William Kirschner, K2 founder

Passing Date: 
Sunday, April 23, 2006

Vashon, Wash. -- H. William Kirschner, 87, the founder of K2 Corp., died April 23, 2006, of pneumonia.

Bill Kirschner was born in Seattle in 1918 and graduated in 1939 from the University of Washington with a degree in engineering. He married Barbara Rankin, and spent the war years managing a mine in Idaho. Following the war he worked in his grandfather’s garage on Vashon Island, and with his father and brothers founded a business making veterinary splints and cages from chew-proof fiberglass. Kirschner Manufacturing became a world-wide supplier of cages for research labs.

Bill was an inveterate tinkerer and inventor. He began experimenting with fiberglass skis during the 1950s, building a series of prototypes, most of which came apart when tested at Crystal Mountain. In 1961 he tried a wet-wrap process that worked well when he skied on the trial pair at Sun Valley. He took this concept to A&T, the Seattle-based ski manufacturing and distributing company, and they agreed to distribute the Holiday. In 1964, the Vashon shop delivered 250 pairs, then 1600 in 1965. In 1967 the ski factory incorporated as a separate business, as K2 Corp., named for the Himalayan peak and for the two Kirschner brothers, Bill and Don.

In an era when the European ski factories Dynamic, Rossignol and Kneissl built fiberglass skis by "armor plating" stiff hickory slalom skis, Kirschner designed the light, resilient foam-core K2 Holiday. The idea was to sell a ski that would work well in soft Western snow. He took the market by storm.

In the spring of 1968 Bill hired Chuck Ferries to develop a line of racing skis. Ferries had recently left his job as coach of the U.S. women’s team, and he began sending prototype skis to Marilyn Cochran for testing. Building skis to Marilyn’s specifications quickly led to success: In 1969 Marilyn Cochran won a World Cup GS on a pair of K2's race skis. By 1971 K2 had set up its own distribution system and severed ties with A&T.

Of his working relationship with Bill, Ferries said “We got along so well. He was a genius kind of guy. He really understood what he was doing. He’d been through the trial and error and knew his process inside and out. The word ‘no’ was not in his vocabulary. No matter what you wanted, he said ‘Yeah, I can do that.’ At the end of the day he’d figured out how to do it.”

At one point, for marketing reasons, K2 decided to put red-white-and-blue plastic on both the top and bottom of the slalom skis.

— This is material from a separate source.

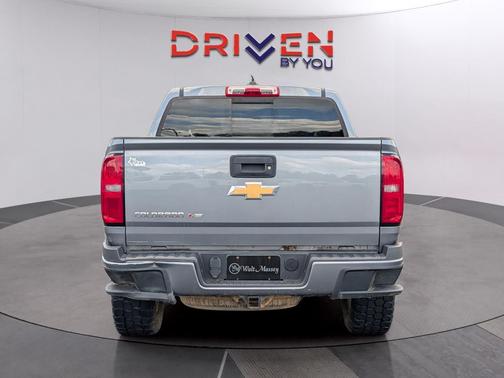 Satin Steel Metallic 2018 Chevrolet Colorado Z71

Each of the three colors had a different coefficient of elongation. As the skis cooled after molding, they warped. “There was no way to make a straight ski,” Ferries recalled. “But Bill solved the problem.”

“He was a soft-spoken, kind, nice person,” Ferries said.

Eager to build fiberglass skis, Howard Head is said to have offered to buy the K2 factory. Vashon Island legend says that Kirschner responded "Let's talk," then put off talking for several years.

In 1972, in order to finance rapid growth, Kirschner sold controlling interest in the company to Cummins Inc., an Indiana-based manufacturer of large diesel engines. Cummins helped the factory achieve worldwide distribution, but then sold the company to a group of Seattle investors headed by Jim Garrison. Bill stayed on as chairman of the company throughout this period. At the height of its success, the Vashon Island factory employed about 750 local people.

Kirschner retired in 1982 and began building high-end fiberglass fly-rods. Bill was always interested in efficient engineering solutions. He had his suits retailered so he could put a highball glass in the breast pocket. This freed his hands during ski industry cocktail parties.
In 2001 Bill was inducted into the U. S. National Ski Hall of Fame, honored as "one of the great ski entrepreneurs of the 1960s, the golden years of the United States ski business." Bill received the 2005 Distinguished Service Award from the School of Engineering at the University of Washington.

K2 Corp., now a U.S.-based public corporateion, now operates factories around the world and is among the largest manufacturers of ski, snowboard, baseball and paintball gear. It still employs 220 people on Vashon Island.